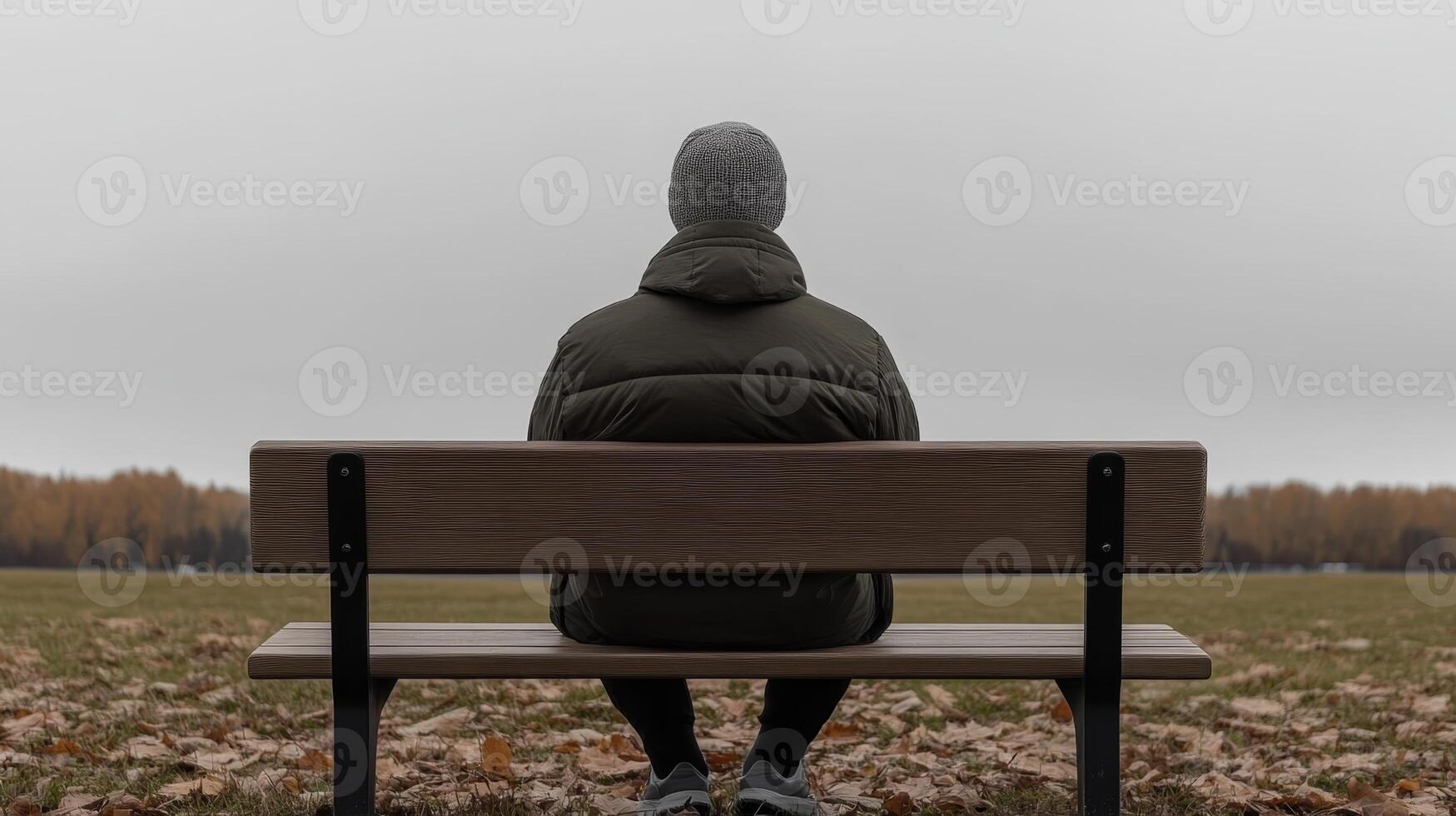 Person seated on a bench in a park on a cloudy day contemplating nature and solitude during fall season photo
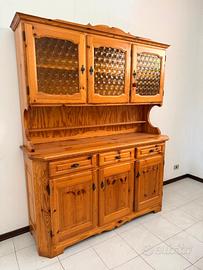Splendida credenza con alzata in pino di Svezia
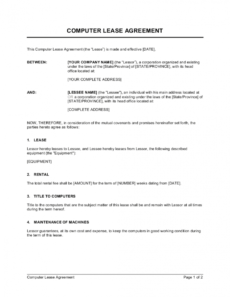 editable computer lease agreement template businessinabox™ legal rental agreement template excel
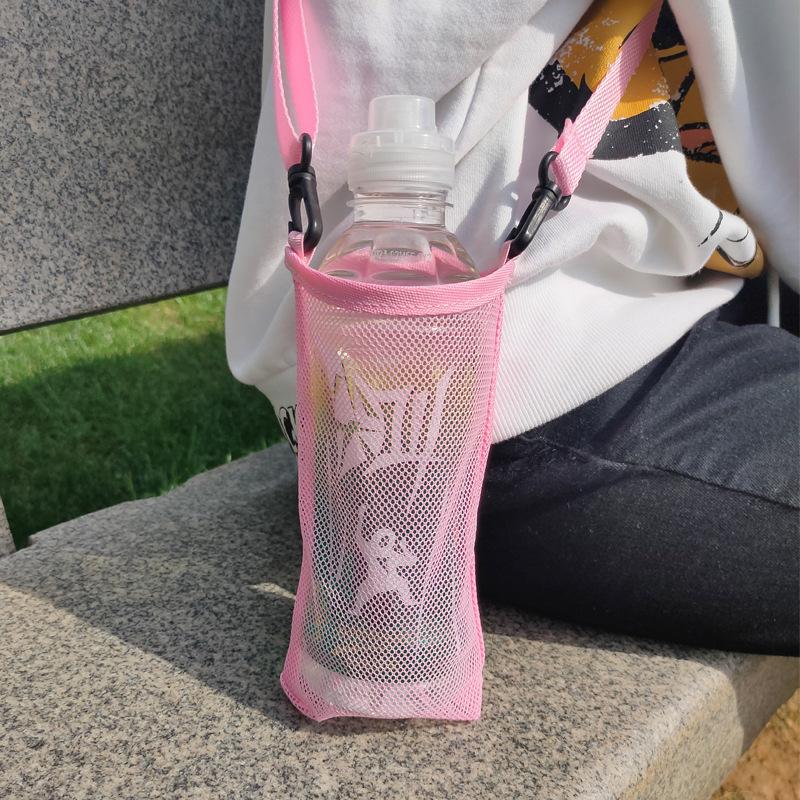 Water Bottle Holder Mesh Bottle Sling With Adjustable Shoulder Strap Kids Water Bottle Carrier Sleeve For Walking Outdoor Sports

=== Your instructions ===
The material is to be reproduced verbatim, and no picture may appear in the copy.

=== Result of this task ===
 Person seated on a bench in a park on a cloudy day contemplating nature and solitude during fall season photo
Splendida credenza con alzata in pino di Svezia
 editable computer lease agreement template businessinabox™ legal rental agreement template excel
 Water Bottle Holder Mesh Bottle Sling With Adjustable Shoulder Strap Kids Water Bottle Carrier Sleeve For Walking Outdoor Sports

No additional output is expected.